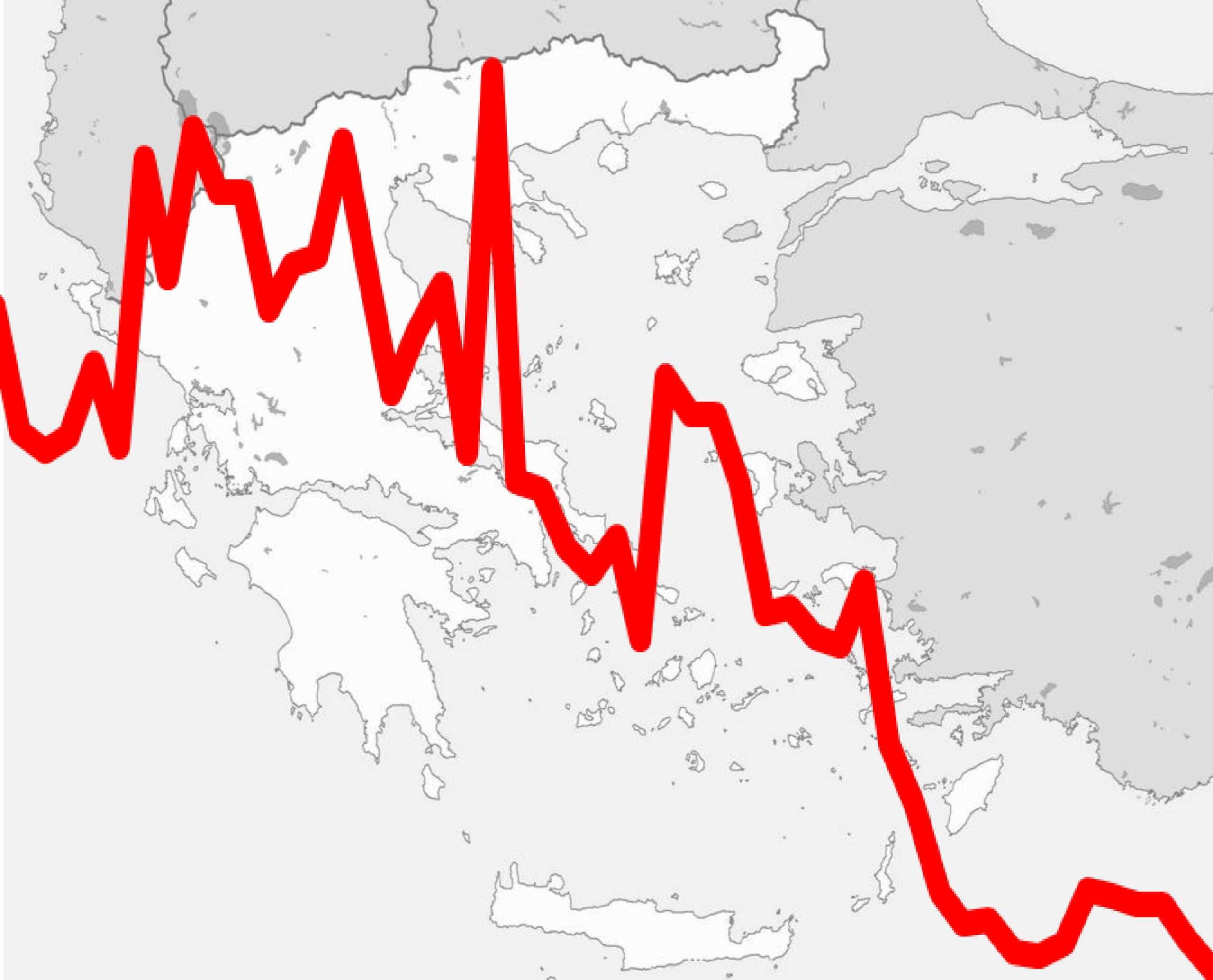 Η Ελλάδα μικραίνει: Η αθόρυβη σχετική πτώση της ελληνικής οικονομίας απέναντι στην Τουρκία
...
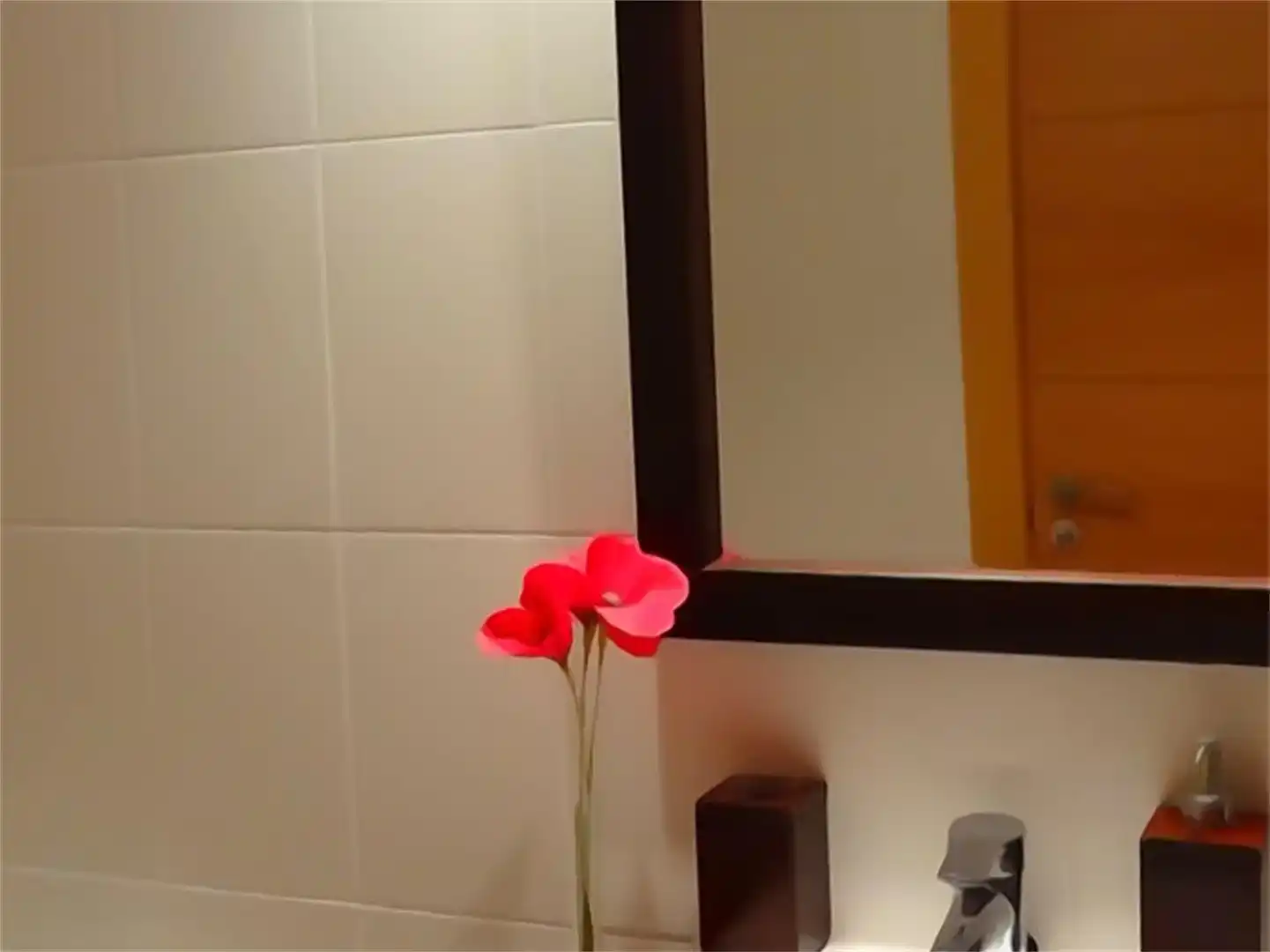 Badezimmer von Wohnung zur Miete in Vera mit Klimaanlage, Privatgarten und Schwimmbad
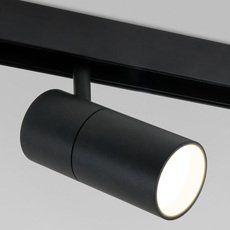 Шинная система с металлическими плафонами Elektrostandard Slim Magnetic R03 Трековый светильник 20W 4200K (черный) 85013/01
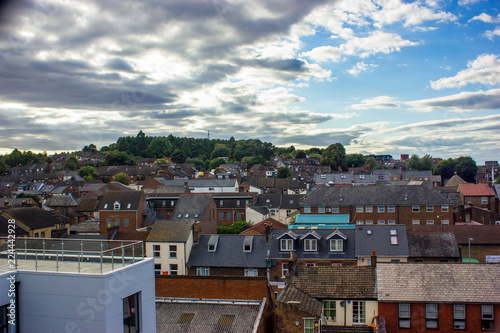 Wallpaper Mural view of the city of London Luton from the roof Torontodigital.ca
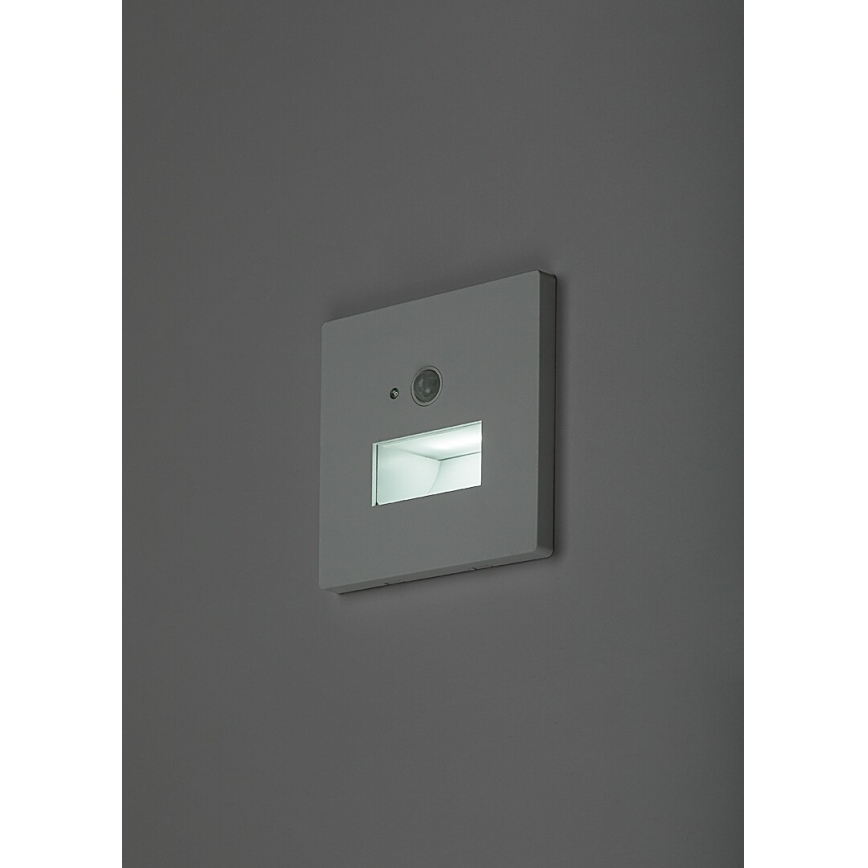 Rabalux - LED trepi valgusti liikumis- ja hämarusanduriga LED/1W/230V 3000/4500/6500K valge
...
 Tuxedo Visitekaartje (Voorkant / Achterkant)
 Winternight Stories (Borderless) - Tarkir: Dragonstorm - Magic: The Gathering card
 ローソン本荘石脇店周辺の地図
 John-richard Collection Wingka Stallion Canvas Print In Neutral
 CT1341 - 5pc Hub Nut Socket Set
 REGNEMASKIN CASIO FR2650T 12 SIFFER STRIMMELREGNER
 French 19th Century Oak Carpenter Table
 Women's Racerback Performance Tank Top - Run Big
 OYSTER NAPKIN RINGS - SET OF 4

__Task description__.
Where the listing above has a line with "ローソン本荘石脇店周辺の地図", start there, and output every line exactly through the line with "Women's Racerback Performance", which is also included.

__Reply to the task__.
 ローソン本荘石脇店周辺の地図
 John-richard Collection Wingka Stallion Canvas Print In Neutral
 CT1341 - 5pc Hub Nut Socket Set
 REGNEMASKIN CASIO FR2650T 12 SIFFER STRIMMELREGNER
 French 19th Century Oak Carpenter Table
 Women's Racerback Performance Tank Top - Run Big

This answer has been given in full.